I don't think you are using this in the way it was meant to be used. Wikipedia is a user edited, human centered project. Humans are error prone and that's something that you are going to have to live with if you want to re-purpose the data.

The burden of repurposing falls on you and wikipedia makes the exact same data that they have at their disposal available to you, to expect it in a more structured format that is usable by you and your project but that goes beyond what Wikipedia needs in order to function is asking for a bit much I think.

They make the dumps available, they make the parser they use available, what more could you reasonably ask for that does not exceed the intended use case for Wikipedia?

Afaics any work they do that increases the burden on Wikipedia contributors that would make your life easier would be too much.

But since you are already so far along with this and you have your parser, what you could do is to re-release your own intermediary format dumps that would make the lives of other researchers easier.

rspeer · on May 8, 2017

Yeah, I understand that. I'm re-purposing the data and it's my job to decide how that works.

But this could be easier. What I hate about Wikimedia's format is templates. They are not very human-editable (try editing a template sometime; unless you're an absolute pro, you will break thousands of articles and be kindly asked to never to do that again) and not very computer-parseable. They're just the first thing someone thought of that worked with MediaWiki's existing feature set and put the right thing on the screen.

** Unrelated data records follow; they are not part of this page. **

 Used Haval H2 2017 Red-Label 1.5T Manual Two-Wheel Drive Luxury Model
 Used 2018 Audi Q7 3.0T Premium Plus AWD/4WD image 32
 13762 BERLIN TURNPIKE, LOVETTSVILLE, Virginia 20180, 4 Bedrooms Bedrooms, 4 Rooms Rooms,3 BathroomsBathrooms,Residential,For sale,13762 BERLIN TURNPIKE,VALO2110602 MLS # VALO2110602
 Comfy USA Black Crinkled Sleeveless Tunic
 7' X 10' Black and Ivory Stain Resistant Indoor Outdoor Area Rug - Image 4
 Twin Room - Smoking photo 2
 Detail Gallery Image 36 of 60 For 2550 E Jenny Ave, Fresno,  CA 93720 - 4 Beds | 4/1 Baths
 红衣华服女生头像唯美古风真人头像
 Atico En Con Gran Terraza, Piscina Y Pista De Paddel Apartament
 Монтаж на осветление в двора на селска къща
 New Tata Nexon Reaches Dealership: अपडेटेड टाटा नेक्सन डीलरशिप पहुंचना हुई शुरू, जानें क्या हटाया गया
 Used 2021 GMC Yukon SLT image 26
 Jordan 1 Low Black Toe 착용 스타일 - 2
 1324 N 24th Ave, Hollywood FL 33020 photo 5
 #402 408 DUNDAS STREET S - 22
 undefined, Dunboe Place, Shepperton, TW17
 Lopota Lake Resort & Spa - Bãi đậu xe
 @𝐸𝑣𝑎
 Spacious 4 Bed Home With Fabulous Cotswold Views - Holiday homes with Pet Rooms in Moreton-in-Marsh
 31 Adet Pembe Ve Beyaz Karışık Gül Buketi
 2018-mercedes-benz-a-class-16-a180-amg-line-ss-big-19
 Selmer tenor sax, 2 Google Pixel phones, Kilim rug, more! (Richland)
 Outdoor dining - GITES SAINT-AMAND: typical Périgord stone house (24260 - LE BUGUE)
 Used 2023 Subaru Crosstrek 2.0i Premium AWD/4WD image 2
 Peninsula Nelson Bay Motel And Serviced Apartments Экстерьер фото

Replacing templates with something better -- which would require a project-wide engineering effort -- could make things more accessible to everyone.

FWIW, I do make the intermediate results of my parser downloadable, although to consider them "released" would require documenting them. For example: [1]

[1] https://s3.amazonaws.com/conceptnet/precomputed-data/2016/wi...

sogen · on May 8, 2017

Agreed, editing anything more complex than a simple text i.e. a table or some note is a shore. And I'm an advanced user!

rspeer · on May 8, 2017

The GP said Wikidata isn't suitable for many purposes, different from any.

It's a nice agreed-upon vocabulary for linked data. But you still need the data that the vocabulary refers to. The information you can get without ever leaving the Wikidata representation is still too sparse.

stavros · on May 8, 2017

He's saying that Wikipedia doesn't give you clean, usable data, it gives you data with weird markup everywhere.

shshhdhs · on May 7, 2017

Thanks for working on that! Didn't know it was so bad. The following is a possibly stupid idea, but I'd like to hear your thoughts:

What if you just render the content into HTML and then "screen scraped" the text, and then convert into a more useful format (MarkDown, JSON, etc). Is that plausible?

GhostVII · on May 7, 2017

That would allow a basic UI change on Wikipedia to break your code. Sometimes it is necessary, but not usually the best option in my experience, and it's pretty annoying to do.

3131s · on May 7, 2017

Wikipedia used to do HTML dumps but stopped a long time ago, unfortunately.

int_19h · on May 8, 2017

You can get what amounts to an HTML dump (which is then indexed and compressed in a single huge archive) from Kiwix. Although they do them basically twice a year or so.

Tpt · on May 8, 2017

You should have a look at [1] that outputs an HTML rendering of pages with a lot of metadata.

[1] https://en.wikipedia.org/api/rest_v1/#!/Page_content/get_pag...

lacksconfidence · on May 7, 2017

You could download the search indexes, also on the dumps site, that has the text content among other things.